半ば強引な手で連れられ困った様子の彼だが、僕は知っている。彼が探し物を探すのにピッタリな人形を所持していることを……
「嬢ちゃんよ。マヨヒガについてだが……さっきも言った通り、俺も実際には行ったことがねぇ。だからそれを一から探すことになる」
「そこでこいつさ。 出番だ!ナズーリンッ!」
浩一さんがそう言って自身の封印の糸を掲げると、中から全体的にグレーのカラーリングをしたネズミの妖怪少女のナズーリン人形が召喚される。彼女にも本当に世話になりっぱなしだ……なので「ありがとうございます」と心の中で合掌しておこう。
先程休憩所で回復して貰い、元気になったナズーリン人形であるがその表情はいつも通り冷静沈着、実にクールである。何と頼りがいのある人形であろう。

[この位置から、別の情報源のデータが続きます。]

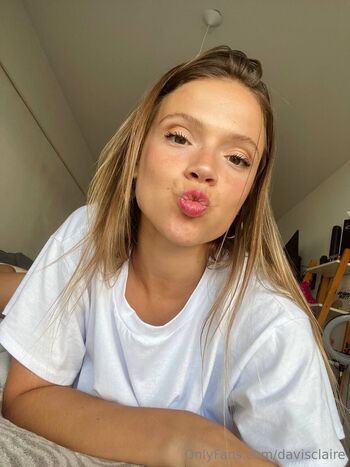 Claire Davi / davisclaire nude photo #12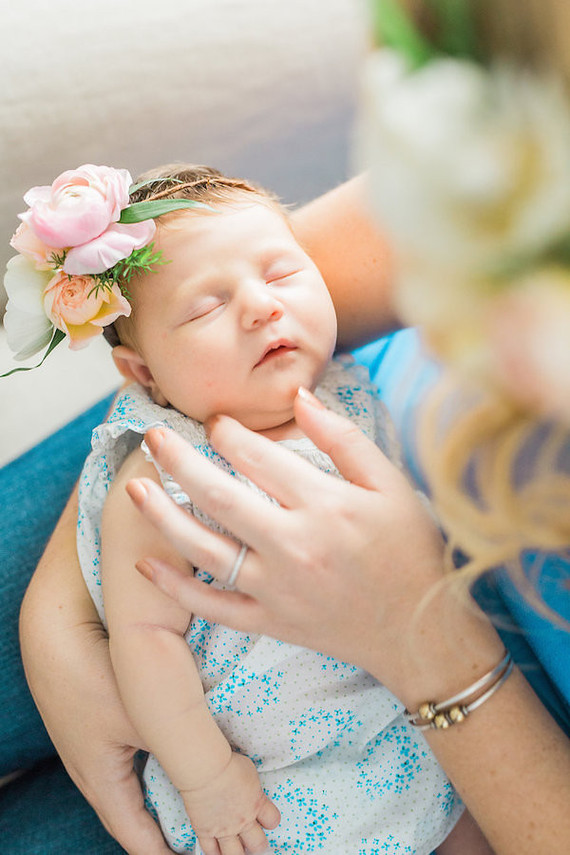 floral newborn photos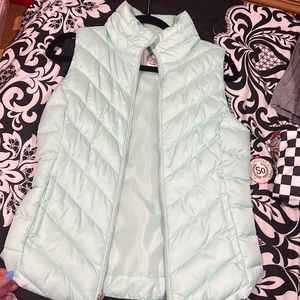 Girls brand new puffer vest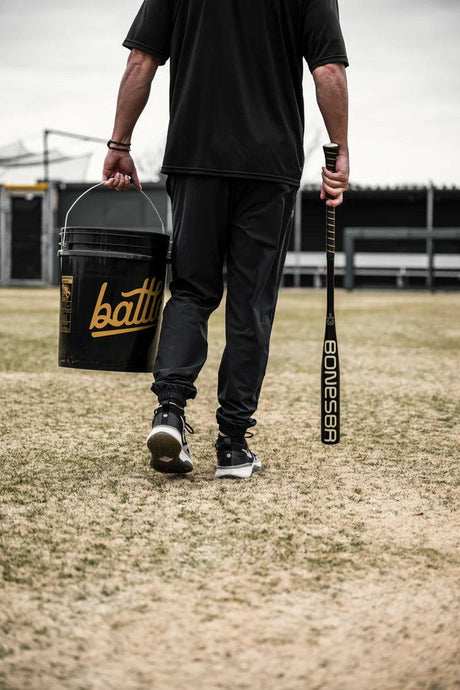 2025 Warstic Bonesaber Black Cobra Metal Fungo - Smash It Sports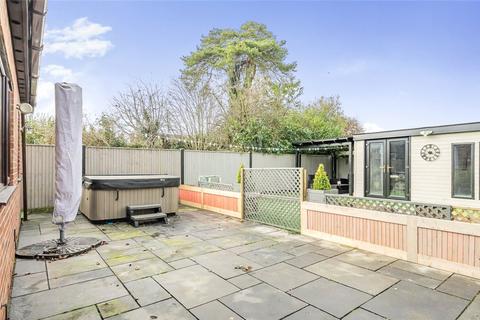 3 bedroom detached bungalow for sale, Firgrove Road, North Baddesley, Southampton, Hampshire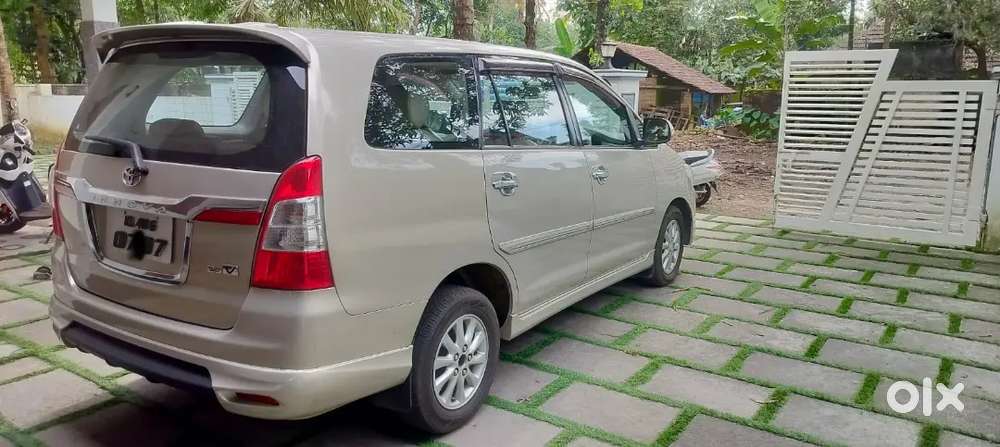 Toyota Innova 2012 Diesel 126000 Km Driven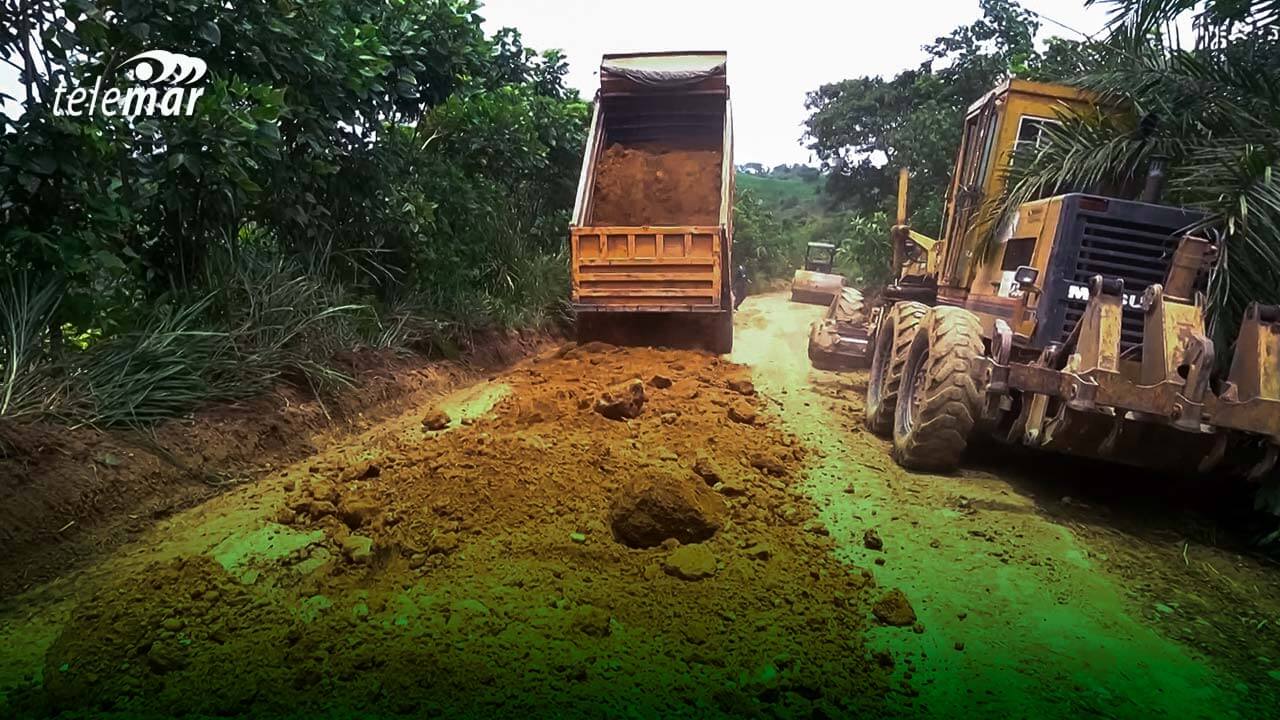 Trabajos viales en la comunidad "La Mina" impulsan el desarrollo rural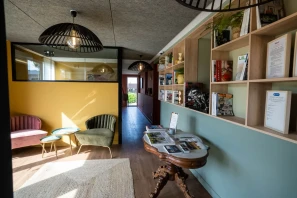 Open Space - 33320 - 4 postes - 225€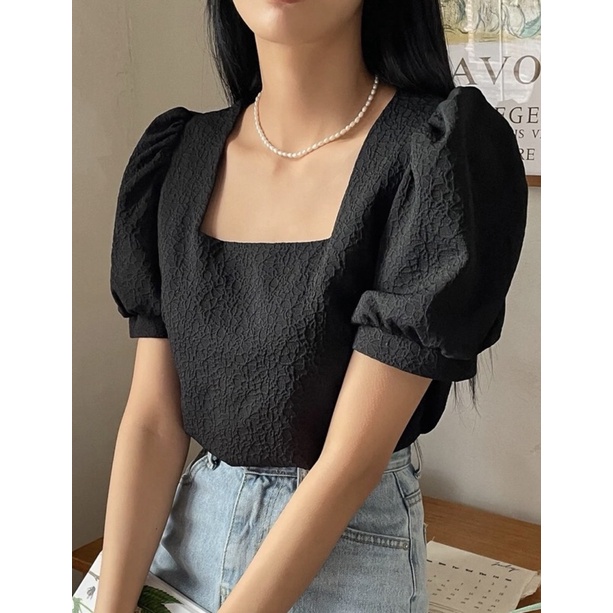 Áo sơ mi nữ tay phồng cổ vuông chất liệu mềm mát dễ thương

「ナズーリン、仕事だ。今回は少々厄介だぞ。何せ手掛かりもクソもないからな」
浩一から告げられる仕事内容にナズーリン人形は難色を示すも、しょうがないといった様子でそれを承諾する。こういった無理難題にも慣れているのだろう。
「今回探すのは“場所”だ。この山のどこかにある「マヨヒガ」を、お前の能力で探し出してくれ」
頷いたナズーリン人形は早速、首にかけているペンデュラムを外してそれを片手にぶら下げる。今回はいつもやっているダウジングロッドではない別の方法で探すようだ。
ナズーリン人形は少し考え事をした後、ペンデュラムに向かって喋り始める。一体何をしているのだろう?
「あれはな、自分の言った質問の答えを振り子の動きで判断する手法なんだ。恐らく、マヨヒガ関連の質問をしているんだろうな」
「ふぅん……」
不思議そうに見ている僕を気遣ってか、浩一さんはペンデュラムのダウジングについて簡単な説明をしてくれる。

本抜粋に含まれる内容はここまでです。